Auch wenn er selbst das vorliegende Werk nicht als „Progressive Rock“-Aufnahme betrachtet, so macht bereits der beinahe zehnminütige Opener „Grand Designs“ klar, dass Martin Orford hier keine Experimente eingegangen ist, sondern das macht, was er am besten kann: Melodischen Neoprog! Die Besetzungsliste der Platte liest sich dann auch wie das „Who-Is-Who“ dieses Genres: Urgestein John Wetton (King Crimson, Asia, UK) spielt Bass und steuert Gesang bei, Gary Chandler (Jadis), John Mitchell (It Bites, Arena, Frost*), Mike Holmes (IQ) und Steve Thorne übernehmen die Gitarrenparts. Am Schlagzeug sitzt zum einen sein ehemaliger Bandkollege Andy Edwards von IQ, zum anderen Nick d’Virgilio von Spock’s Beard, der gleich seinen Basser Dave Meros mitgebracht hat. Ein Allstar-Lineup, das sich sehen lassen kann!
Als Anspieltipp dieser herrlich ausgeglichenen, charmanten Scheibe empfieht sich vor allem der achtminütige Titeltrack, der klassische Neoprog-Töne mit wunderschönen Fidelklängen von Colm Murphy und folkloristischer Flöte verbindet. Die Ballade „Ray Of Hope“ hingegen gibt sich verträumt, hoffnungsvoll und emotional. Den Gesang übernimmt Martin Orford übrigens hauptsächlich selbst – und dass wir eine ganze Reihe unterschiedlicher Tastenklänge vernehmen, ist Ehrensache.
Viel mehr gibt es zu dieser Platte auch gar nicht zu sagen, was jedoch nichts Negatives bedeutet: „The Old Road“ ist ein Album, dass ein letztes Mal unterhaltsam und gelungen die musikalische Heimat und Vergangenheit des Keyboarders wiederbelebt, ganz ohne Hast, Stress und allzu große Ambitionen – und das ist seine große Stärke. In den Liner Notes zu der Scheibe schreibt Orford, dass er sich im neumodernen England, geprägt von der Globaliserung, dem Internet, Multikulturalismus und sozialen Problemen, nicht zu Hause fühlt. Seine Heimat sei dort, wo man noch Cricket auf der Dorfwiese spiele, wo sich idyllische Country-Pubs fänden und noch Dampflocks durchs Land fahren. Diese Bilder und Motive ziehen sich auch durch das stilvolle Booklet und die Songtexte. Nach diesem Statement erscheint es nur logisch, dass der Engländer keine eigene Homepage und auch keinen Myspace-Account braucht.
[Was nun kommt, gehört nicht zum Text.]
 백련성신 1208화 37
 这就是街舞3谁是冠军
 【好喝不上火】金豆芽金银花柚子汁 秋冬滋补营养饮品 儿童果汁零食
Aus dem Musikbusiness zieht er sich zurück, weil er die im MP3-Zeitalter vorherrschende Kultur von „freier Musik“ nicht teilen kann und es seiner Meinung nach dank Internetpiraterie zunehmend schwieriger wird, Alben aufzunehmen. Genau deshalb bedankt sich Orford im Booklet auch ausdrücklich nicht bei all denen, die unrechtmäßig Musik ins Internet hoch oder von dort herunterladen.
Fazit: „The Old Road“ ist ein tolles Statement eines tollen Musikers und ein würdevoller und gelungener Abschied. Neoprog-Freunde und insbesondere IQ- und Jadis-Anhänger packen dieses 60-minütige Abschlusswerk einer langen Karriere ohne zu zögern ein!